▸ **Work task**: Lines to return, exactly: from the line with "Sandra Cuevas ignorante" to the line with "Maisto 1:41 APP" in the entries below, both included.

▸ **Records for the exercise**:
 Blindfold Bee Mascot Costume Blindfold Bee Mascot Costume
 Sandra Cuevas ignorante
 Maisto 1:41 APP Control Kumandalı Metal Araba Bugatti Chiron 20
* * *
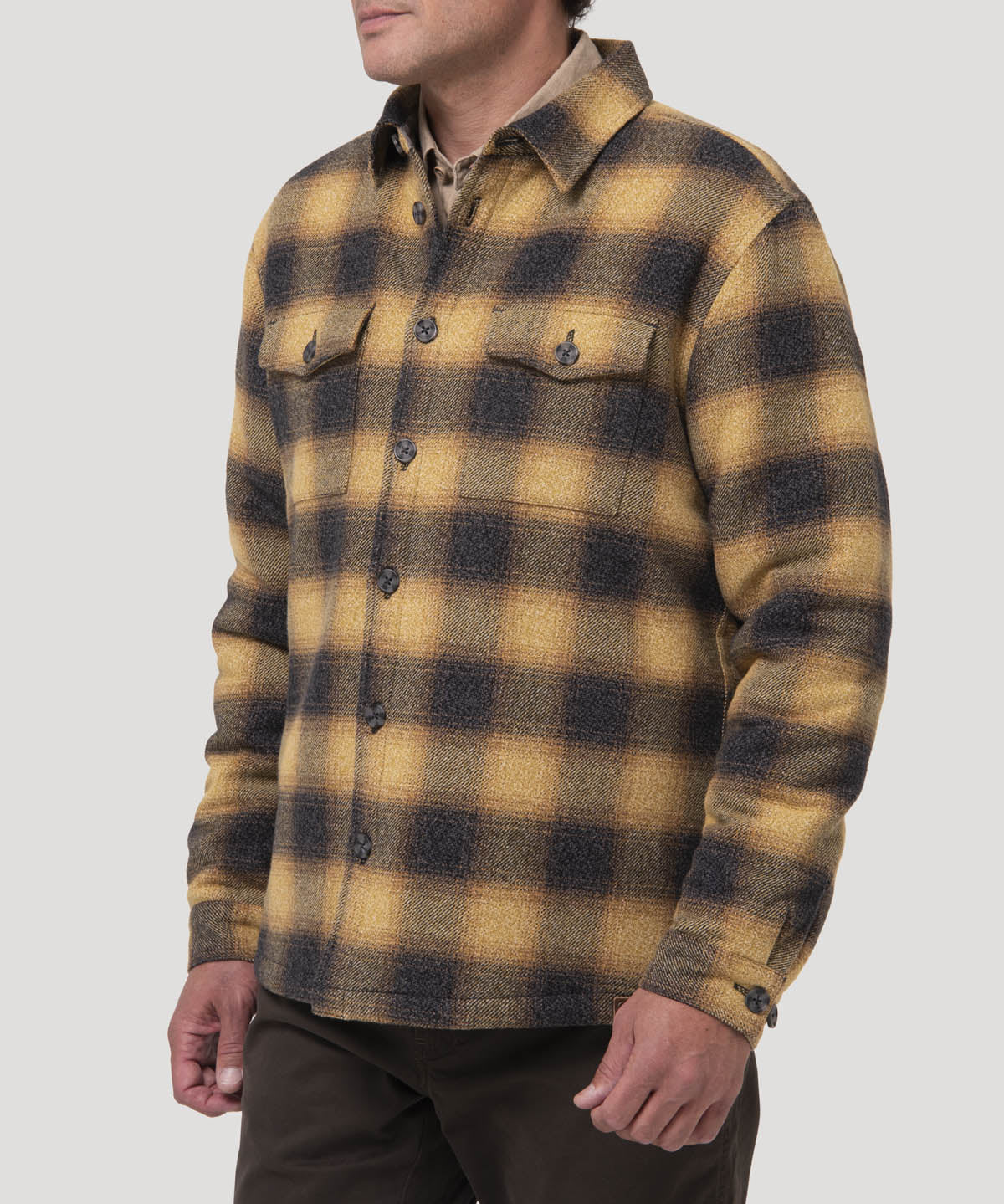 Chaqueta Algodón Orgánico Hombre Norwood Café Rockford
...
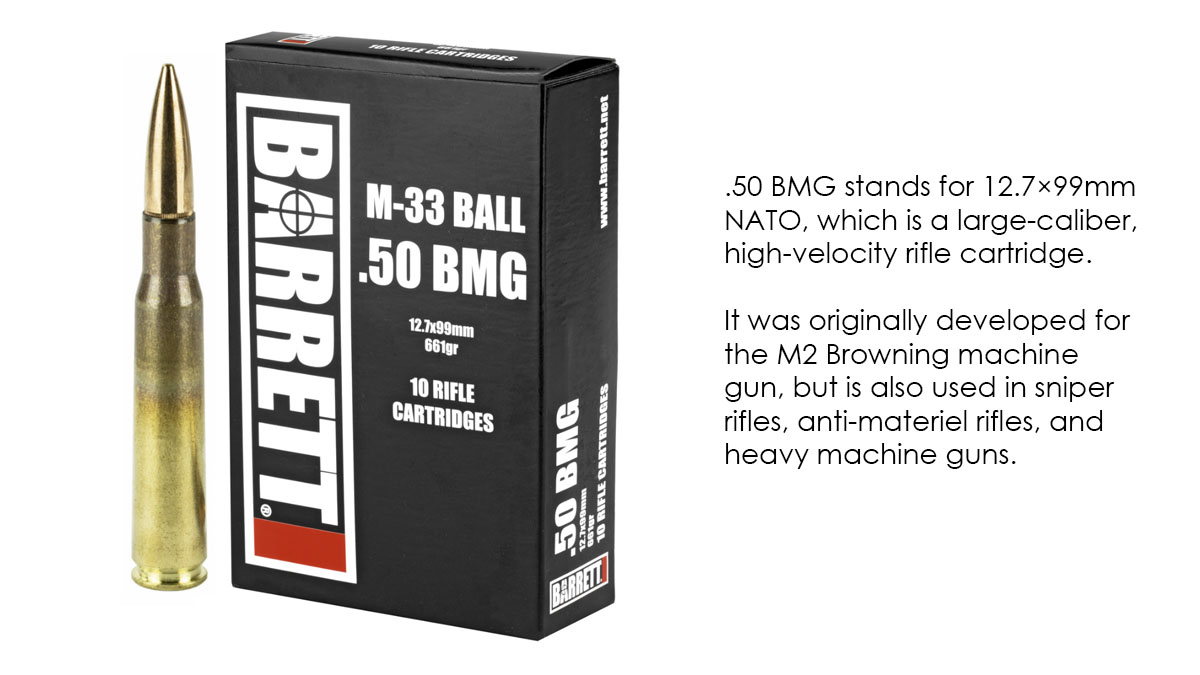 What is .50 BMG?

▸ **Result**:
 Sandra Cuevas ignorante
 Maisto 1:41 APP Control Kumandalı Metal Araba Bugatti Chiron 20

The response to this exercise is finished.